Items from a data source:

____

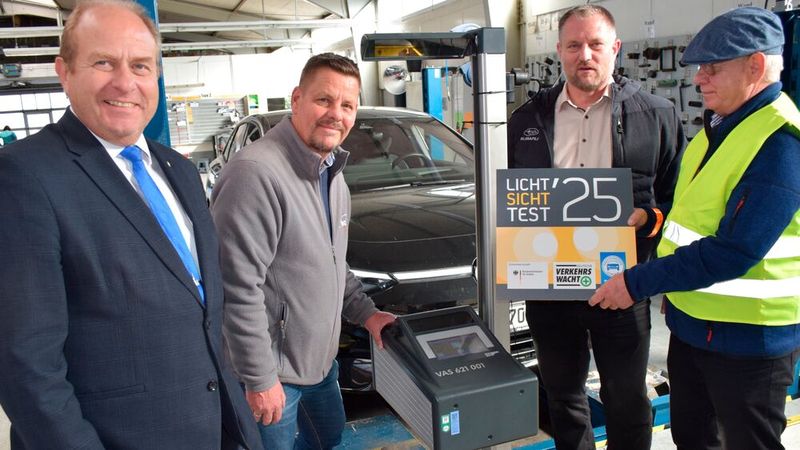 Licht-Sicht-Test-Start im Autohaus Wagner in Helmstedt: Gemeinsam eröffneten Landrat Gerhard Radeck (l.), Wolfgang Schmidt vom ADAC-Ortsclub Helmstedt (2.v.r.), daneben Kfz-Meister Christian Wagner und rechts Obermeister Martin Klein von der Kfz-Innung Helmstedt, die Verkehrssicherheitsaktion.(Bild:  Erik Beyen)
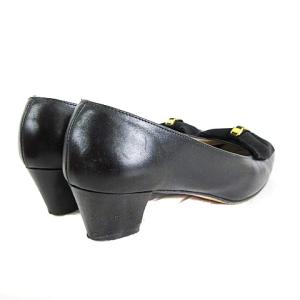 Salvatore Ferragamo ヴァラリボンレザーパンプス 黒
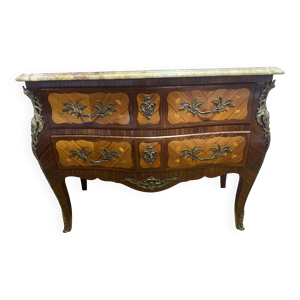 Commode de style Louis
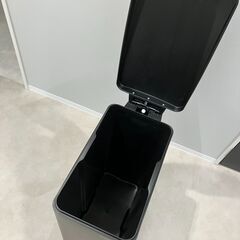スタイリッシュなゴミ箱　48Lの画像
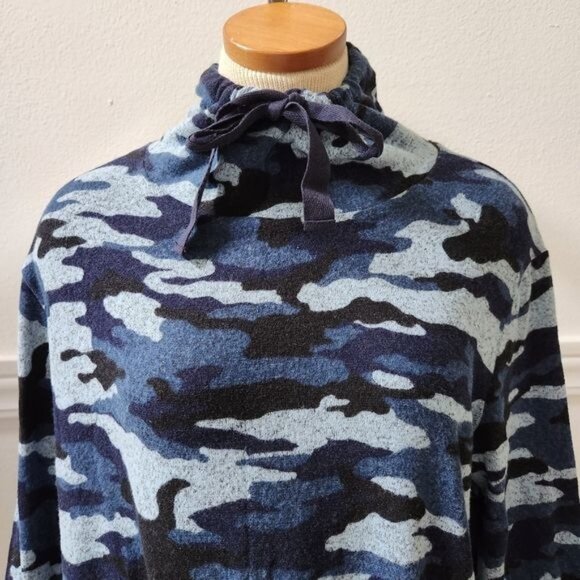 Kenneth Cole Reaction Womens camo Funnel Neck pullover - Picture 5 of 16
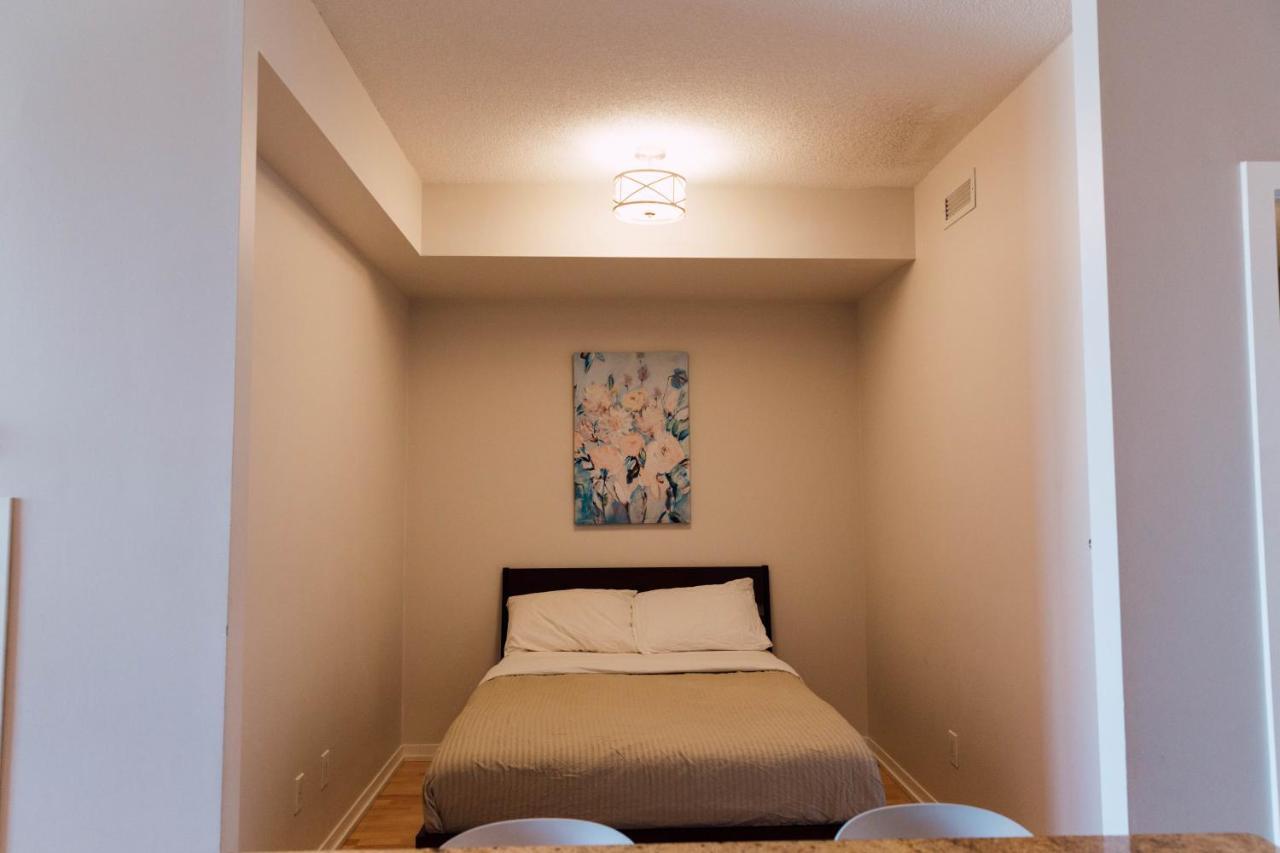 Sarkar Suites - Maple Leaf Square Торонто Экстерьер фото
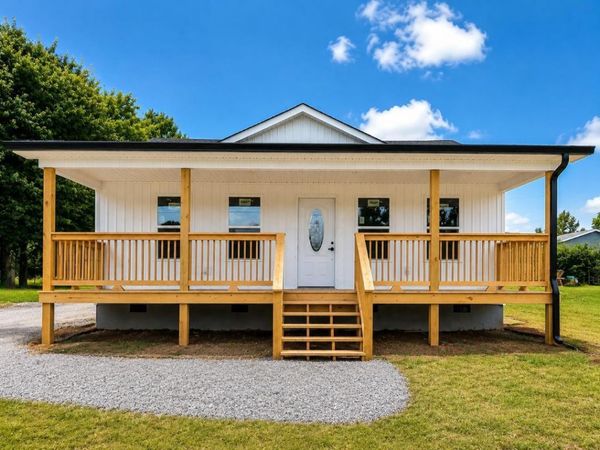 1205 Jones Street , Athens, TN 37303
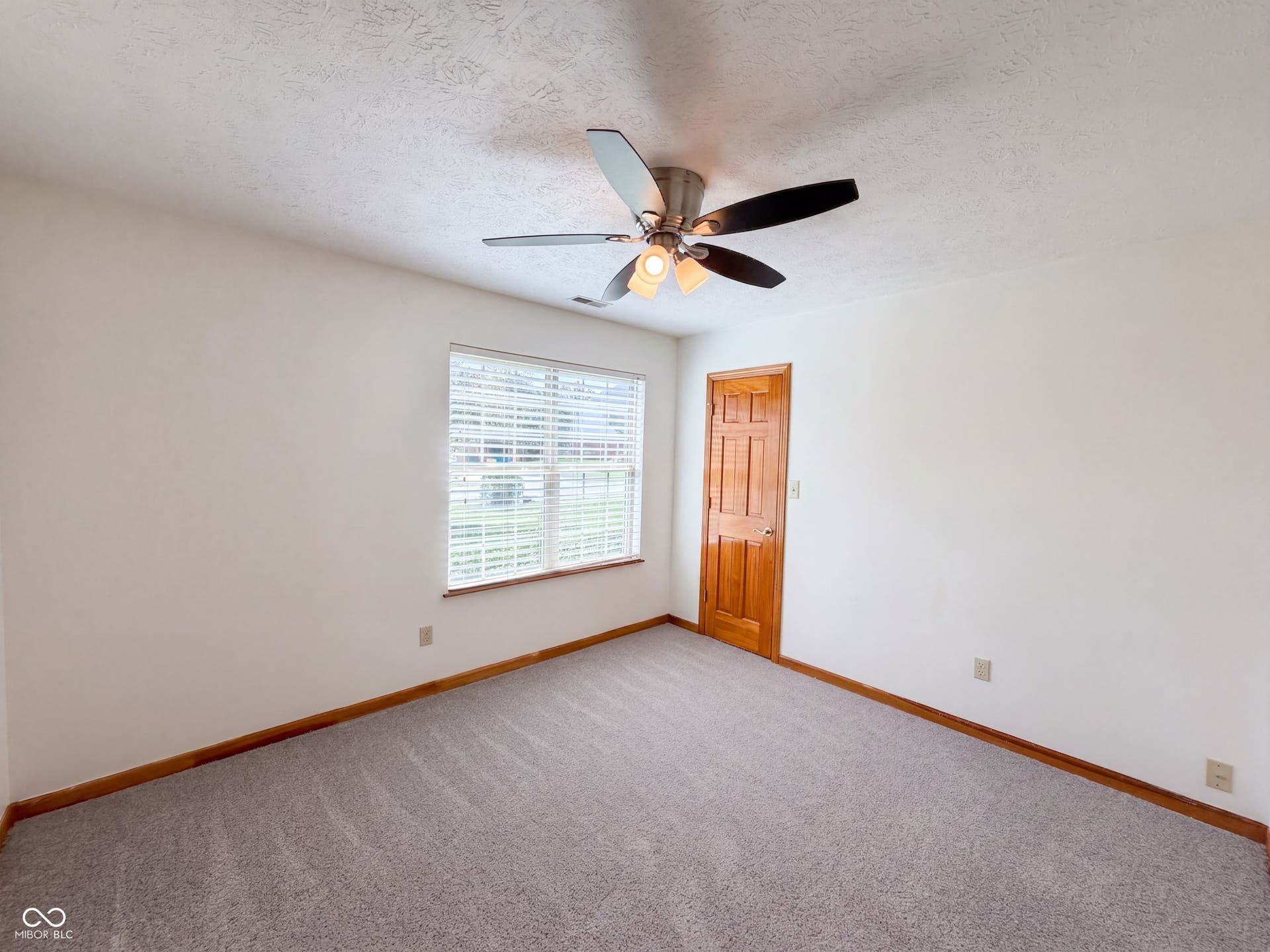 10048 Ironway Drive, Indianapolis, IN 46239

____

WORK TASK :: Write out, word for word, the lines running from the one containing "Salvatore Ferragamo ヴァラリボンレザーパンプス 黒" to the end of the data above; the pictures are to be left out.

WRITTEN SOLUTION ::
 Salvatore Ferragamo ヴァラリボンレザーパンプス 黒
 Commode de style Louis
スタイリッシュなゴミ箱　48Lの画像
 Kenneth Cole Reaction Womens camo Funnel Neck pullover - Picture 5 of 16
 Sarkar Suites - Maple Leaf Square Торонто Экстерьер фото
 1205 Jones Street , Athens, TN 37303
 10048 Ironway Drive, Indianapolis, IN 46239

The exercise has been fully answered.